CTE can be viewed from a comprehensive perspective that includes many different disciplines. According to Rojewski (2002), entrepreneurship is a possible core component of career and technical education programs. With the growth in the small business sector, one aspect of being an entrepreneur is managing human resources within the organization. This chapter adds to this core component another concept of HRD & M. Knowledge of HRD & M in today’s changing, global, technology based workplace is critical. By definition, the Association for Career and Technical Education (ACTE), stated career and technical education (CTE) is about education and training for individuals seeking to develop skills to be employable, education for advancing in careers, corporate training, and education to update and refresh skills for the workplace (ACTE, 2008). All of these fall under the scope of human resource development for entering CTE professions. Human resource development and management is a core capability needed for individuals who will be utilizing their career and technical expertise in their own entrepreneur efforts and especially in small business.

With business and industry relying more on human resources to meet strategic goals, knowledge in this area is becoming a common core need for success in the workplace. Especially for those in fields that are experiencing technology advances, globalization, and change at a rapid pace like those entering CTE careers.

To understand basic and core concepts in HRD & M it is pertinent to examine a variety of introduction to human resource management texts. Often times these texts have very similar topical outlines and discuss much of the same knowledge, skills, and abilities for people in business and industry. For example, Mathis and Jackson (2007) include sections on the nature of human resource management, staffing the organization, developing human resources, compensating human resources and managing employee relations.
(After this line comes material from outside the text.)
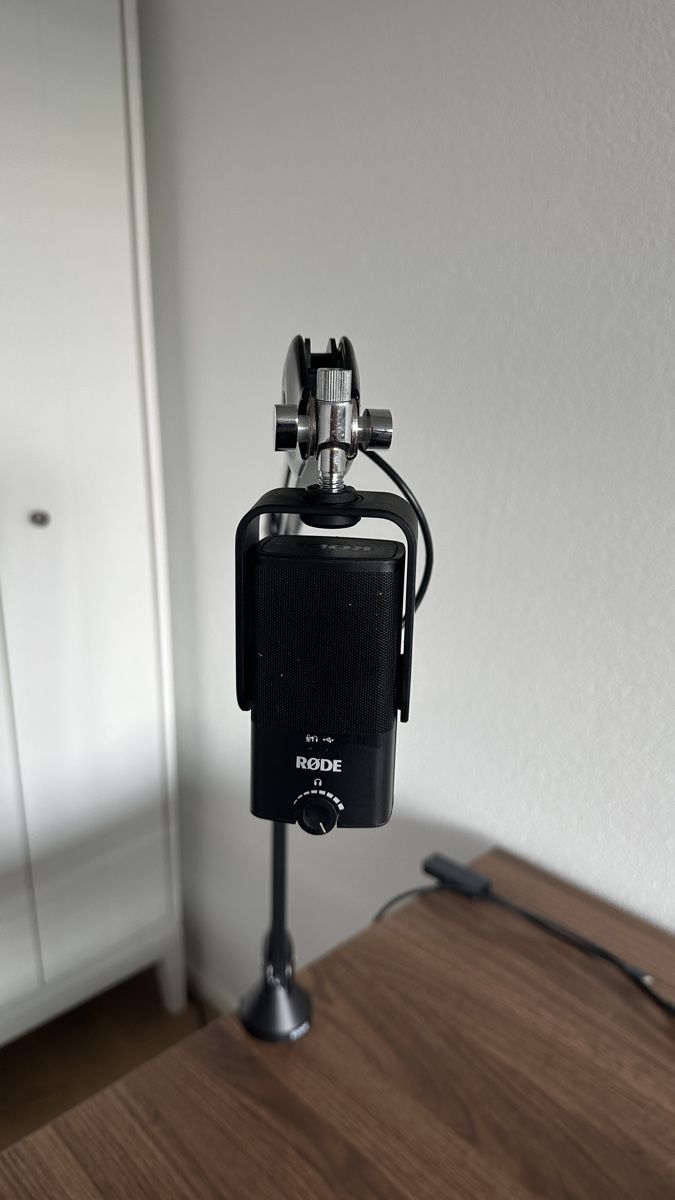Røde Mikrofone: Rode NT-USB Mini Mikrofon mit Stativarm gebraucht – Gebraucht aus Vogelsang AG von sam_ws6s 2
Another widely used text by Dessler (2005) included the topics of introduction to human resource management and strategic human resource management, recruitment and placement, training and development, compensation, and labor relations and employee security.

Key Terms in this Chapter

Job Description: A written summary outlining the skills, tasks, qualifications, responsibilities, and general nature of work for a specific position.
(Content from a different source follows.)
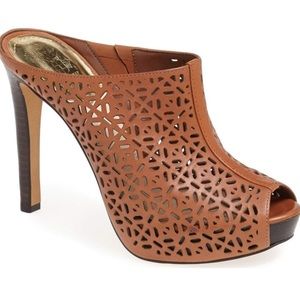 SZ 13W VINCE CAMUTO 'Jaso' perforated leather mule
Workforce Planning: A process of determining the organizational human resource needs and developing a strategic method to meet this need.
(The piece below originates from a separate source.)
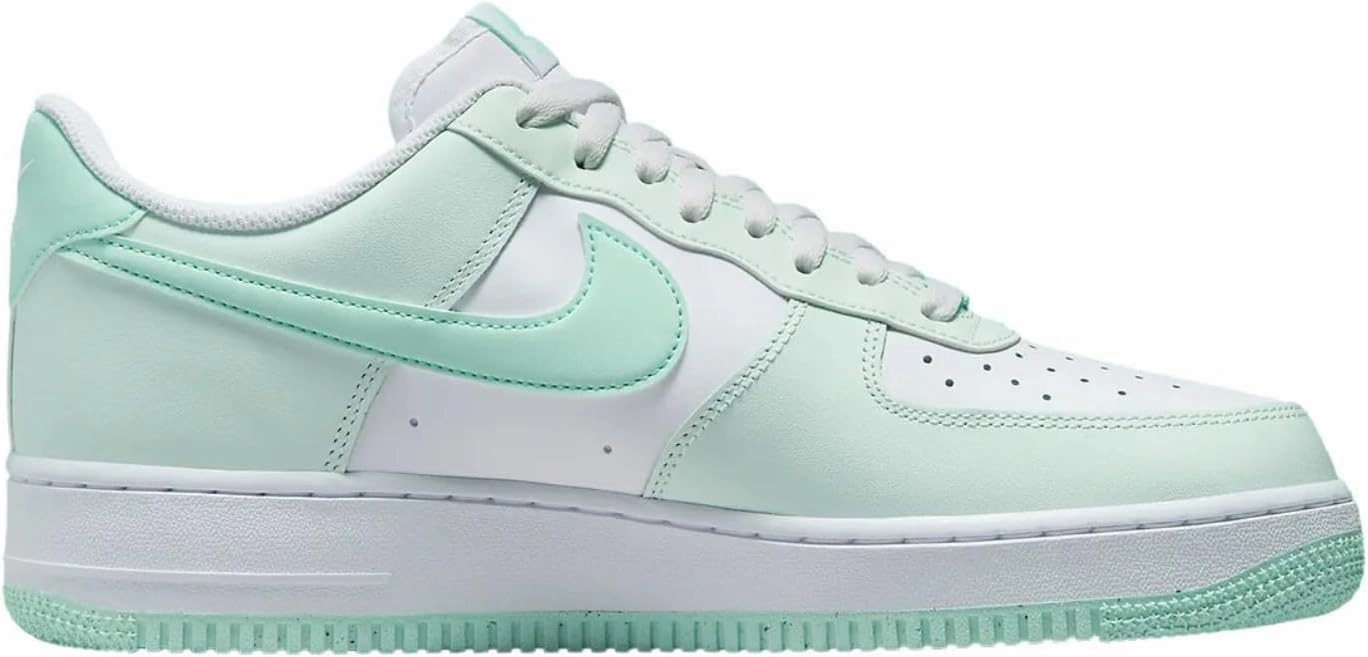 Nike Women's Air Jordan 1 Mid Shoes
Human Resource Development: The development of personal and organizational knowledge, skills, and abilities to increase personal and organizational learning and performance.

Needs Assessment: An organized evaluation of present processes and anticipated needs.

Job Analysis: The process used to gather information to document a job description.

Society for Human Resource Management (SHRM): The largest international professional association for human resource professionals.

Human resource management: The strategic approach to the management of individuals in an organization to develop a competitive advantage.

Association for Career and Technical Education: A comprehensive professional association for career and technical education instructors in all disciplines. This organization includes professionals that teach career and technical education at a variety of levels from kindergarten to graduate level, and education for work preparation.